“How do you feel about a fast-food breakfast where we can eat in the car?” Ben asked, coming to stand beside her. “That way Sadie can go, too.”
She slid her arm around his waist and hugged him tight. “See? You’re going to be a good dog daddy.” But what she was really thinking was See why I love you?
When Sadie was ready, they loaded up in the Mustang—Sadie didn’t mind either the doggy seat belt Avi had picked up yesterday with the rest of the dog supplies or being in the backseat—and, with Ben behind the wheel, they headed out. After breakfast at Sonic, they went for a walk along the pedestrian bridge across the Arkansas River, an old railroad bridge that connected to running trails on both sides. They drove to Whiteside Park, the neighborhood where Ben had grown up. Another drive to the Pearl District, not far from his office, and she showed him the house she’d grown up in. Then they headed west past Sand Springs before turning north toward Prue and to the small country cemetery where his father was buried, and they talked about nothing important.
It was the best day of Avi’s life.
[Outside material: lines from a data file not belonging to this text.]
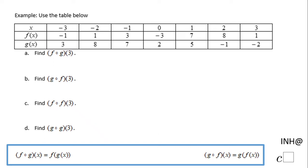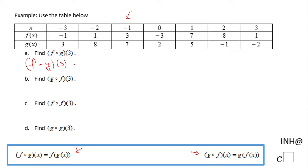Welcome, or welcome back. In this example we're going to do a combination or composition of a function, and we're going to use the given table right here. The first problem says F composed of G of three. It is very important to note that F combined of G of three is F of G of three. Now we're going to read how much G of three is, and that means we're going to look in the table where three is.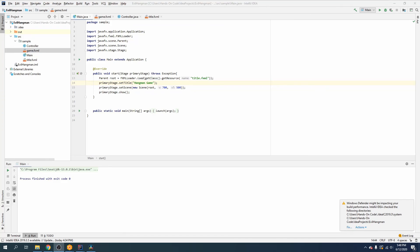All righty guys. So that's going to do it for this second video in our hangman tutorial series. In the next video, we are going to be connecting our GUIs to the controller and beginning to implement some of the functionality of the user interface. If you liked this video, please smash that like button and subscribe for more. See you in the next one.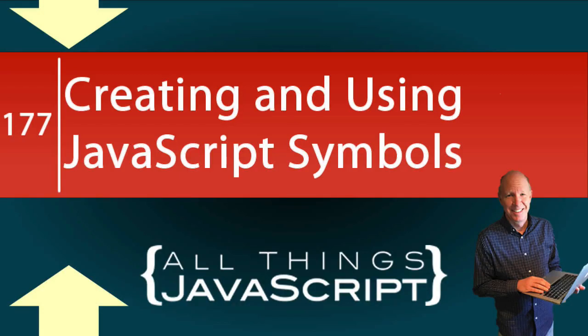A few weeks ago I received a request to talk more about symbols. In this tutorial we will look at how to create them, how to refer to them, and for what purpose you might use a symbol that you have created.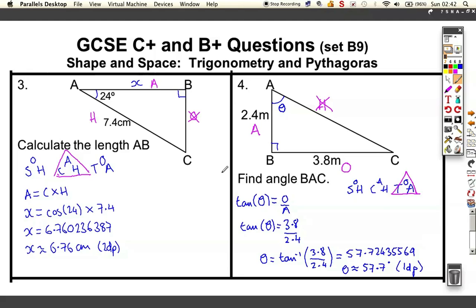You might need to go back and look at these two questions again to check you understand how I picked cosine in question 3 and tangent in question 4, and also how I used the inverse tan in question 4 but didn't need to in question 3.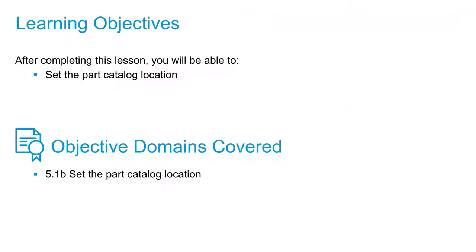Now that we've discussed what a parts catalog is, you need to know where you can find it and how to set a specific catalog to use inside Civil 3D.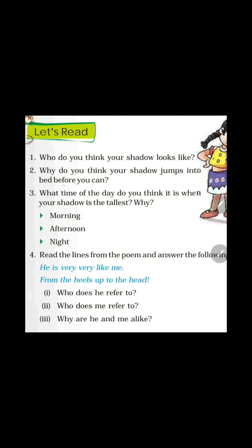Question number two: why do you think your shadow jumps into bed before you can? The reason is that when we jump into bed, our shadow is ahead of us. Before we jump into the bed, our shadow moves into the bed first. That is why it is said that my shadow jumps into bed before I can.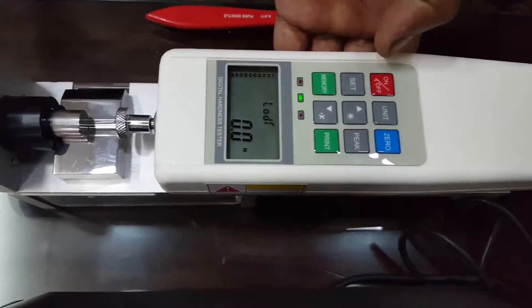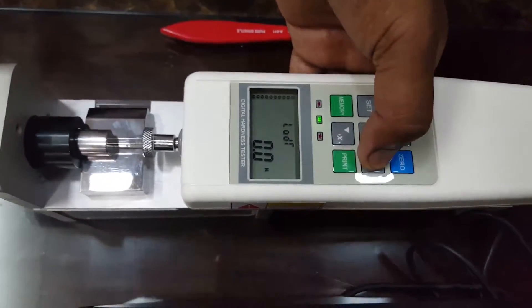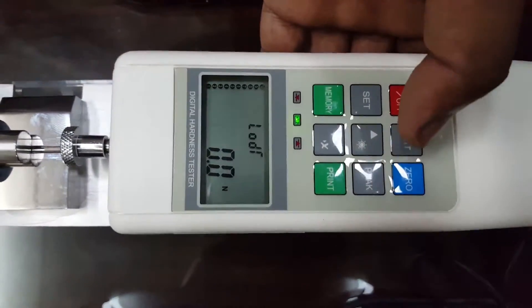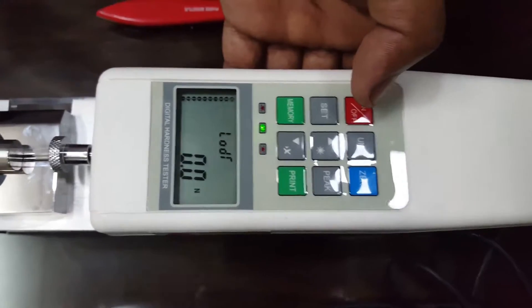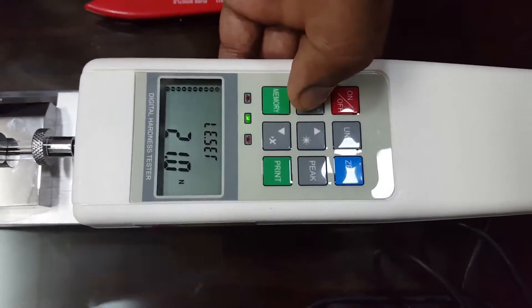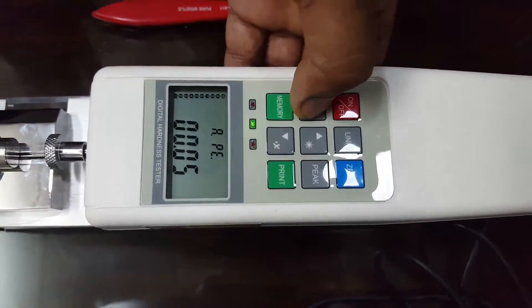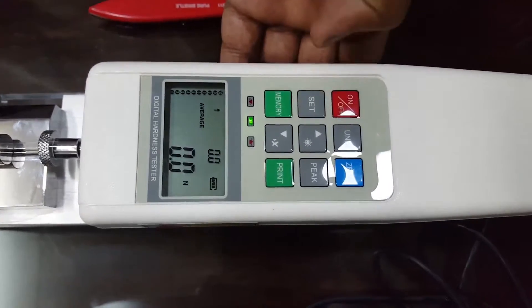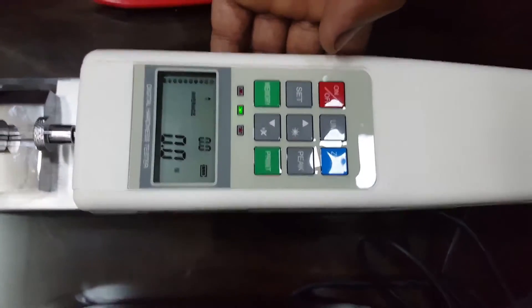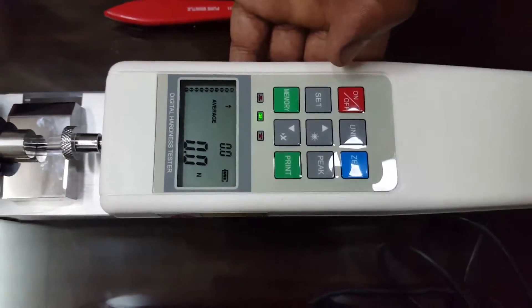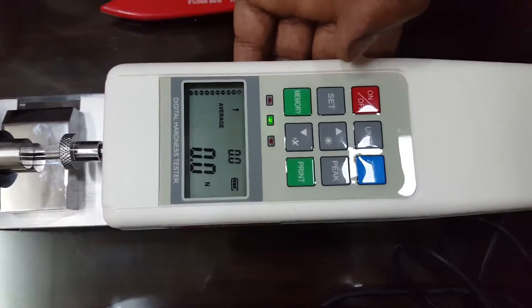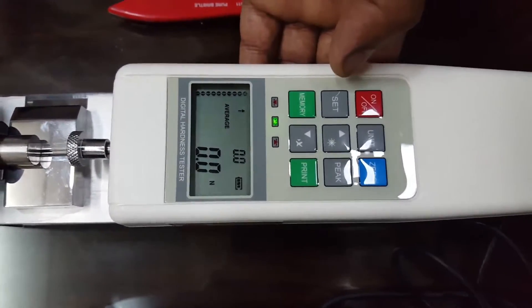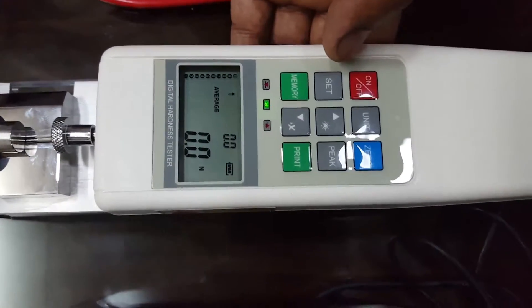Memory can store 10 memories for 10 different tablets, and it will display minimum and maximum breaking strength hardness as well as the average of all 10 tablets.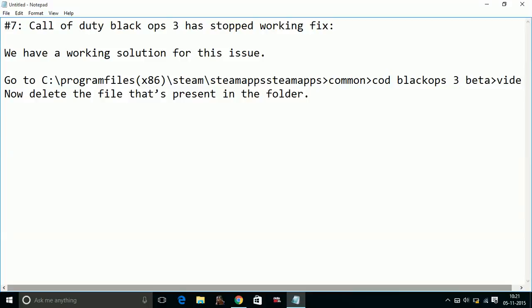Hello everyone, today I am going to show you how to fix the error 'Call of Duty Black Ops 3 has stopped working.' We have a working solution for this issue. It is a very quick fix, so to solve this problem...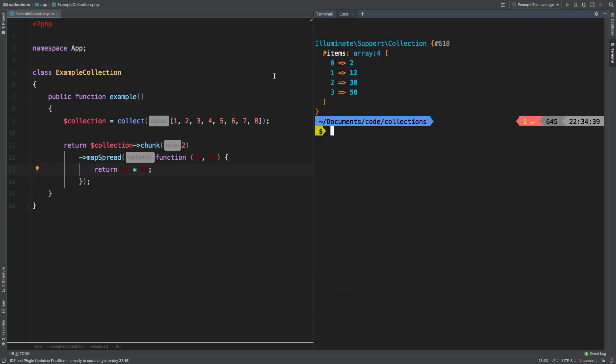And let's check out the results. So of course, we get 2, 12, 30, and 56. So it basically generates a whole new entire collection made out of each of the chunks. Now I do have to give you a big warning with this one. And it is said it has some unexpected behavior sometimes. And I'm going to show you that right now.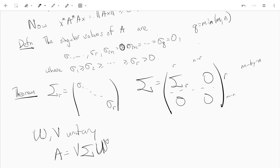Hi everyone, this is another video for Math 3273 and this one is about taking the singular values and getting the singular value decomposition of a matrix.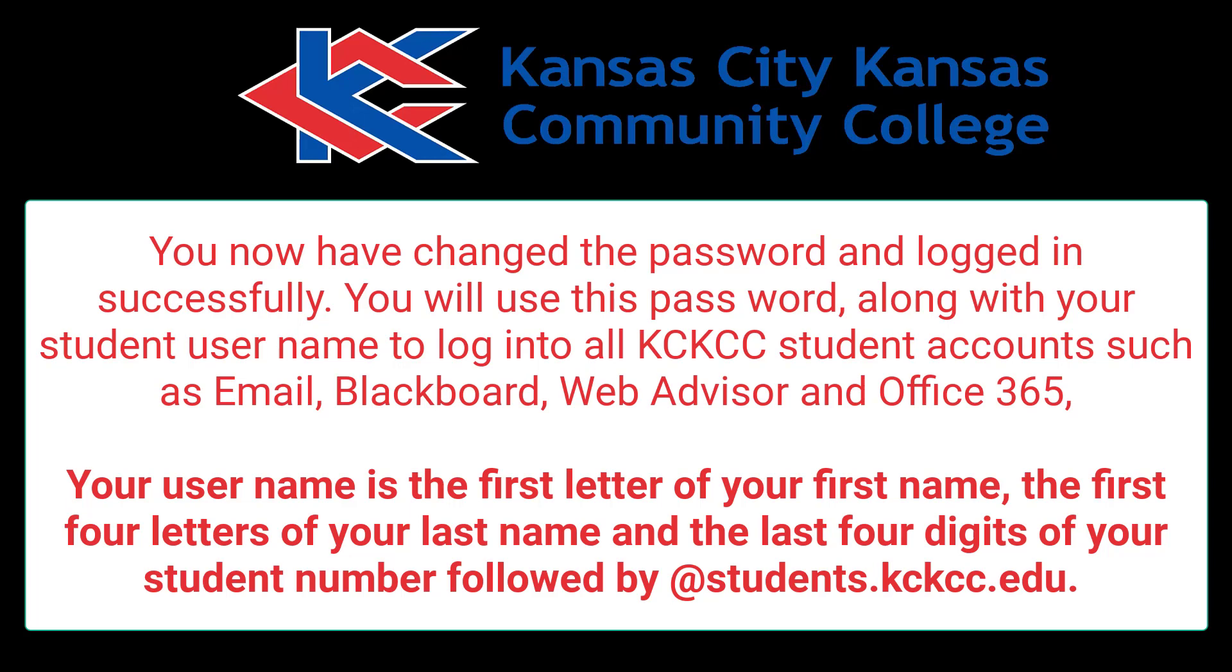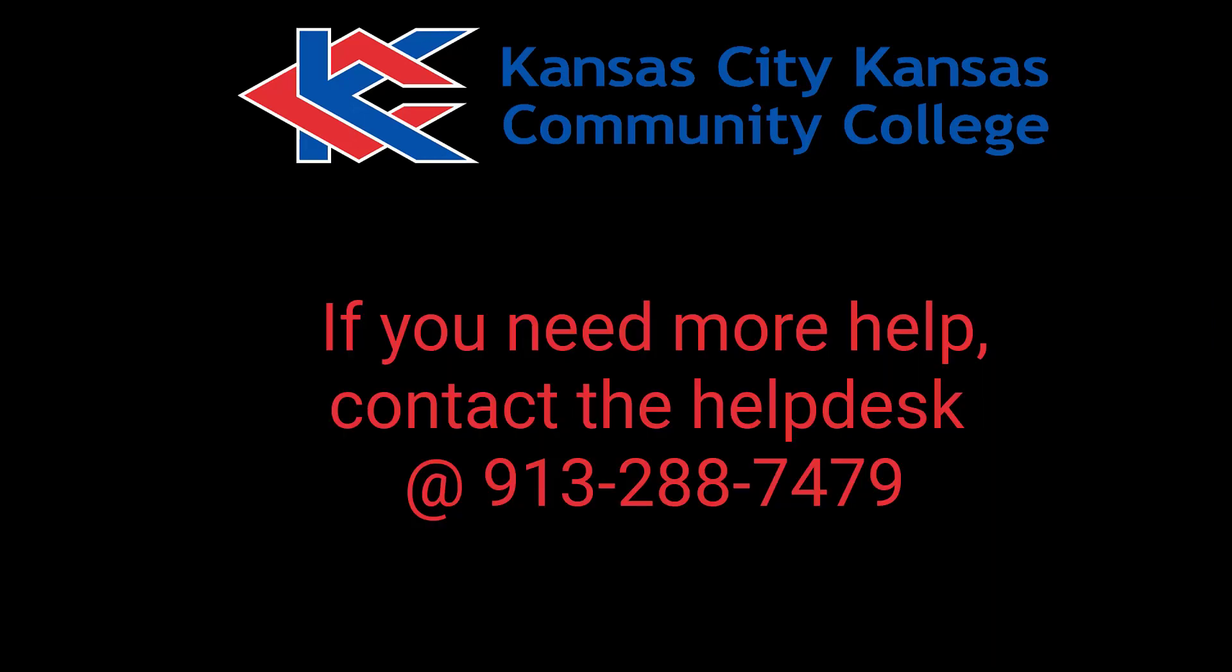Your username is the first letter of your first name, the first four letters of your last name, and the last four digits of your student number, followed by @students.kckcc.edu.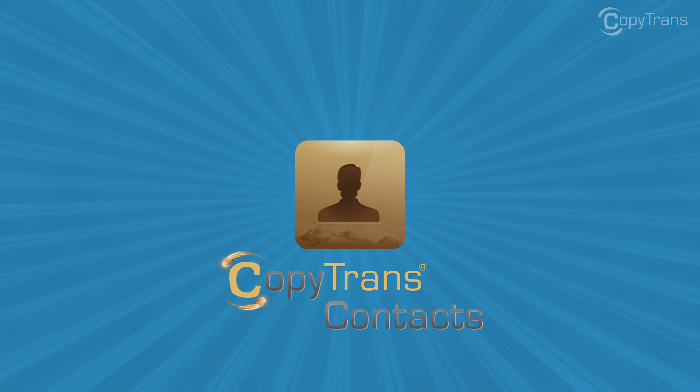Hi guys, Thomas here with CopyTrans Team and in this video I'll show you how to export your iPhone contacts to an Excel file using CopyTrans contacts.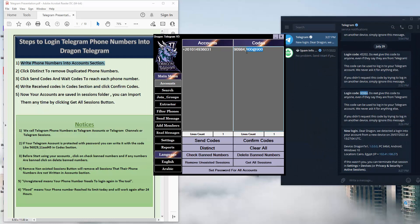As I said, if the account is made with a password you just need to write the password here. If it is not made with a password, you don't need to write the password. So now we have logged in this account.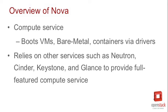But it also uses Neutron for networking, Cinder for volume storage, Glance for images, Keystone for authentication. So it relies on a bunch of the other projects too.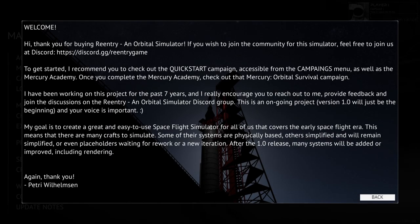Hello everyone, and welcome back to Reentry on Orbital Simulator. This is a game that simulates the Mercury, Gemini, and Apollo missions from the capsule view as if you were an astronaut in the spacecraft. You get to flick all the switches and do all the things.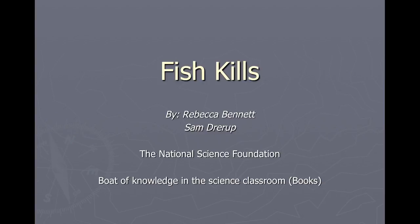This lesson covers the topic of fish kills and potential causes, and is used in conjunction with the virtual boat game available at the App Store. This lesson was designed by Rebecca Bennett and Sam Gerab as part of the National Science Foundation-supported Boat of Knowledge in the Science Classroom.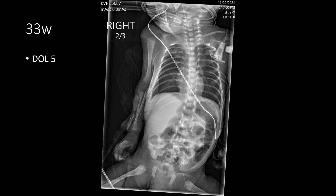Here we have another premature infant on day of life five needing central venous access, with a number of illustrative catheters. One catheter is in the right upper extremity, with insertion likely in the forearm or antecubital fossa. For whatever reason they were unable to get the catheter to advance further, and it is located within the axillary vein. It is acceptable to use for some medications and fluids, but it is suboptimal due to the lower flow and less central location of the axillary vein — it can be used sparingly or in an emergency.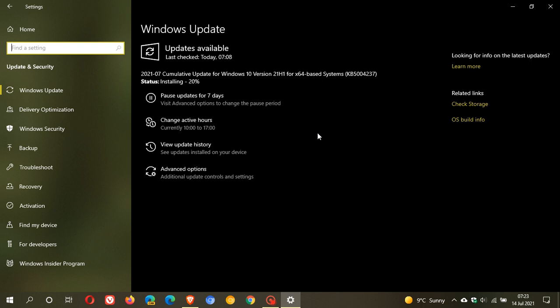So, what I'm going to do is I'm going to get this update installed, and then I will get back to you a little bit later in the day where I will just dive a little bit deeper into what is actually new and some of the fixes, bug fixes, and security fixes that KB5004237 has addressed in Windows 10.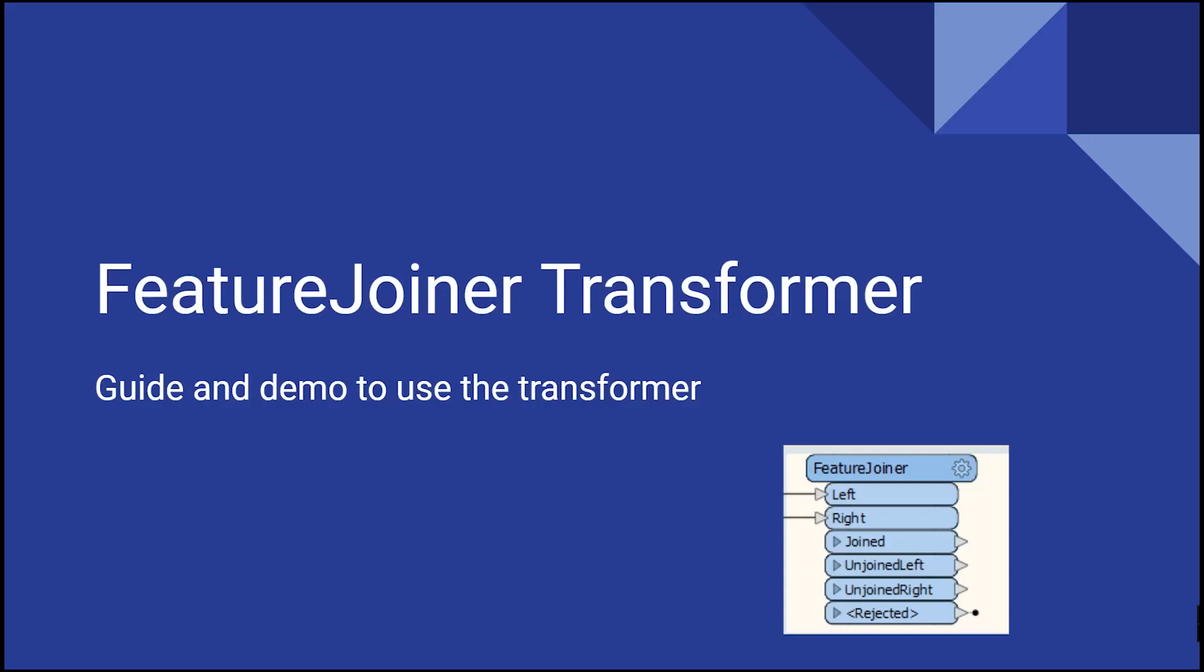Hey everyone, welcome to DataEng Uncomplicated. I'm Adriano and today we're talking about how to join your data with no code using the Feature Joiner Transformer in FME based on a common attribute.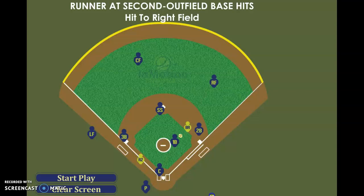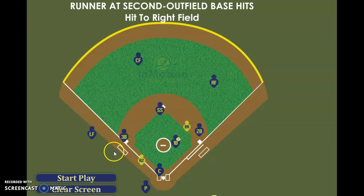Second baseman's working his way to first base. Shortstop's covering his base. Same type of throw as the previous two throws. We'll be repping all this stuff in practice.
Part of her wished for pictures to commemorate every moment. The larger part of her knew she would never forget.
As they walked across the cemetery, Ben pointed out various graves: his grandparents, great-grandparents, aunts, uncles, cousins, important tribal members, and old family friends. They reached his father’s grave, three rows from the back, a simple marker like all the others, the stone engraved with the usual information.
“What language is this?” she asked, gesturing to his father’s headstone. Most of the words were in English, but others were unfamiliar.
“Osage.”
“Do you speak it?”
“No. Dad knew some, and he wanted us to learn at least the basics, but…” He shrugged as he laid his hand gently on the stone. “It didn’t seem very important when we were kids. We—I wasn’t concerned with little things like culture and heritage.”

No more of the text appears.